It has been almost three months since Russia launched its invasion of Ukraine war and initial enthusiasm about the swiftness of the so-called special military operation has gone.
Russian casualties have reached the record level of 30,000 killed and many more wounded and taken prisoner, double the number lost over a much longer 10 years by the Soviet Union in Afghanistan.
The Kremlin’s official propaganda is shifting its focus, portraying victory taking longer because Russia is fighting the West and not just Ukraine.
Earlier this month retired military Colonel Mikhail Khodarenok warned on an important Russian television talk show the war would drag on longer and with the growing supply of Western equipment to Ukrainian forces, Russia’s military situation would deteriorate. He pointed out Western military equipment is far more sophisticated than that which Russia can use in its war in Ukraine.
Khodarenok warned against wishful thinking, reminding Russian viewers that Ukrainians are doggedly fighting a defensive war and could mobilise up to a million soldiers under arms.
Furthermore, he added, Ukraine is supported by a major coalition of 40 countries while Russia is internationally isolated.
His outbursts prompt us to ask why he was allowed to state these unpalatable truths on television which is tightly controlled by the Kremlin?

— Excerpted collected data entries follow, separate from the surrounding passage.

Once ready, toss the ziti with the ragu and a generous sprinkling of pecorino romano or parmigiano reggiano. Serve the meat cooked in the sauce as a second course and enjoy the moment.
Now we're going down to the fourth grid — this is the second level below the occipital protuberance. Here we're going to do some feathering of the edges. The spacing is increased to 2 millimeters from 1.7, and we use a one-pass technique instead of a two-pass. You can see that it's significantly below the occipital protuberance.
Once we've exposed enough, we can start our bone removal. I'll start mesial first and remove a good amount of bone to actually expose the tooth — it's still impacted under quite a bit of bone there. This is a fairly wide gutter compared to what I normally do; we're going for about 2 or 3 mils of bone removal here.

In the face of growing opposition to the war, the retired military officer injected realism in into what are usually abstract, highly optimistic and aggressively xenophobic Russian television debates.

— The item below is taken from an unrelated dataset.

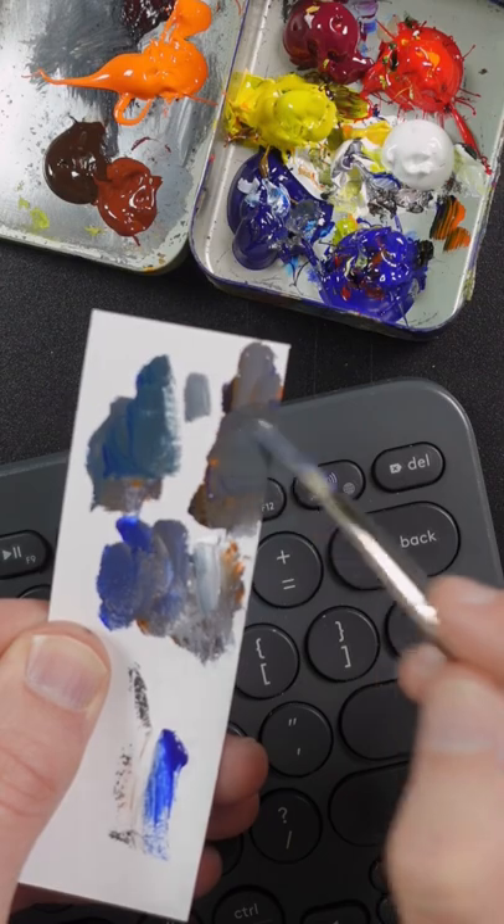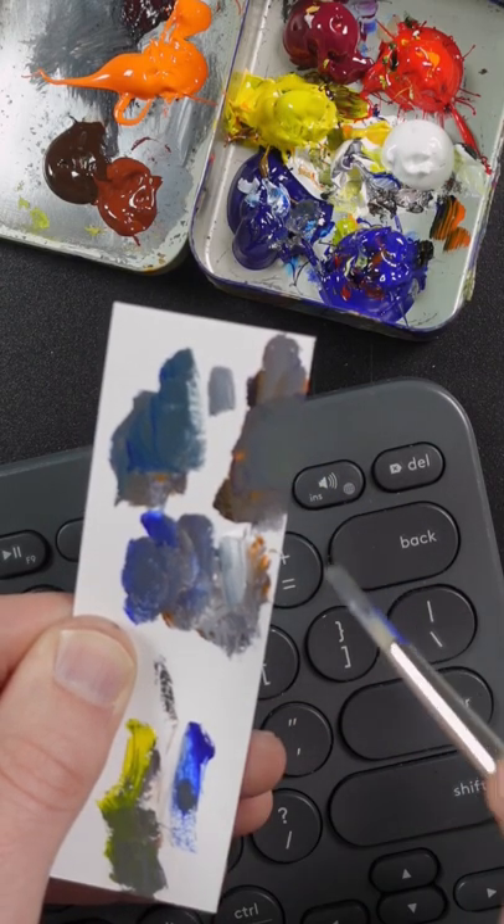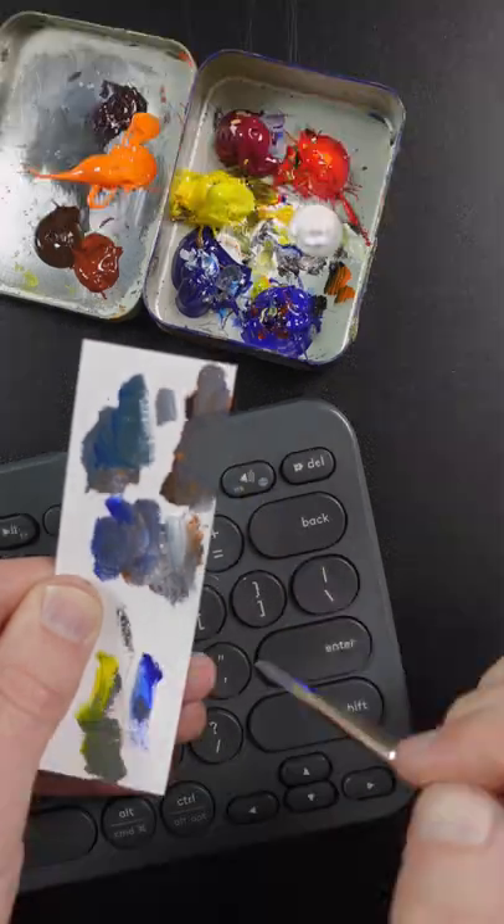It's getting closer, but it has to go lighter. I think it might need a little bit more yellow. That looks pretty good.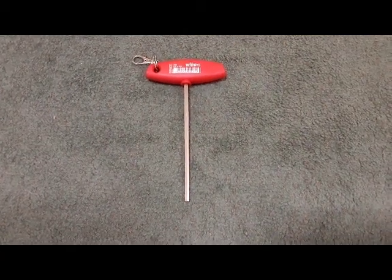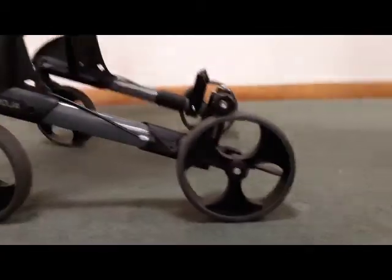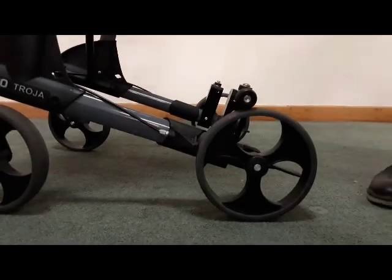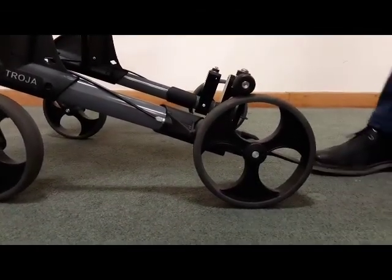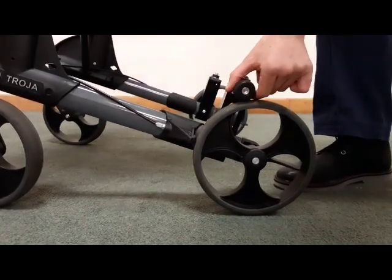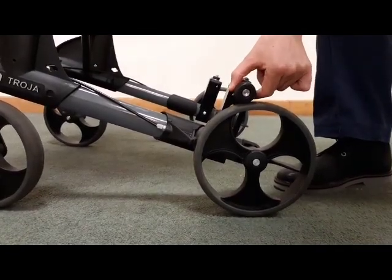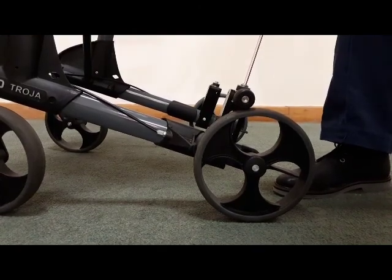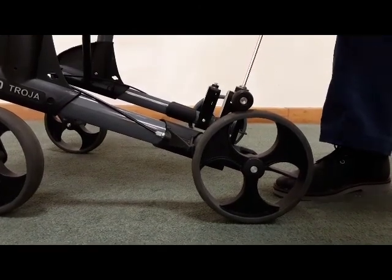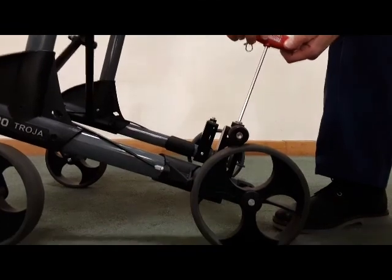Using the 5mm Allen key, adjust the drag brake of the rollator. Set the top of the drag brake small black wheel so it just touches the larger wheel. Place the Allen key into the top of the bolt and turn clockwise to increase the tension.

Russian protests against the war against Ukraine have existed since the invasion was launched but these have been suppressed by Moscow’s dictatorship.
Squeezing out lawful forms of protest has pushed Russians into undertaking more radical actions as part of a growing underground movement. One avenue has been attacks against the official ‘Z’ symbol using graffiti or by physically destroying them. Another is 15 military enlistment conscription centres have been set ablaze by lone activists using Molotov cocktails.

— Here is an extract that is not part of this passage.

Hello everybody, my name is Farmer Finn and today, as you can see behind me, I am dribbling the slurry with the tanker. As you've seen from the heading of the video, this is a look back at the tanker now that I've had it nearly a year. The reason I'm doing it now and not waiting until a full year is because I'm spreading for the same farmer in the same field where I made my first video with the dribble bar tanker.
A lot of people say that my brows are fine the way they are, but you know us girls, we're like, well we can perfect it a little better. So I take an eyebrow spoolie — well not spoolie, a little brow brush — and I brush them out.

Numerous arson attacks have also taken place throughout Russia targeting fuel depots and military buildings and bases. With nobody taking credit for these arson attacks it is impossible to know who are behind them but clearly these are more sophisticated than activists throwing Molotov cocktails.
These arson attacks could be only undertaken by either Ukrainian special forces and intelligence agents or former Russian military personnel who have become radicalised against the war. It is even possible they are working together.
Dodging the draft
Opposition to Vladimir Putin’s war in Ukraine is also taking place in other ways.
The traditional way, as in the 1980s to avoid being sent to Afghanistan, is to avoid the draft by hiding, not turning up, or more dangerously by openly refusing and being imprisoned.
Units in the national guard and elite paratroopers have refused to be sent to Ukraine. These national guard officers have claimed their legally-defined functions can only be undertaken within Russia.
Hundreds, possibly thousands, of Russian officers and soldiers have deserted in Ukraine. Some have become prisoners of war, while others have returned to Russia where they have gone into hiding.
Desertion is one explanation, the other being capture in battle, why Ukraine has accumulated a large amount of Russian military equipment. In fact, Russia is a bigger ‘donor’ of tanks to Ukraine’s army than the West — and why Ukraine has more tanks today than when Russia invaded.
Another important area of opposition is cyber warfare where hundreds of Ukrainian civilian and intelligence and Western volunteers are fighting their Russian cyber counterparts.
Hackers, including from the Anonymous Collective, have cyber-attacked Russia’s IT infrastructure, government websites such the ministries of defence and foreign affairs and big state enterprises. Huge amounts of data have been leaked.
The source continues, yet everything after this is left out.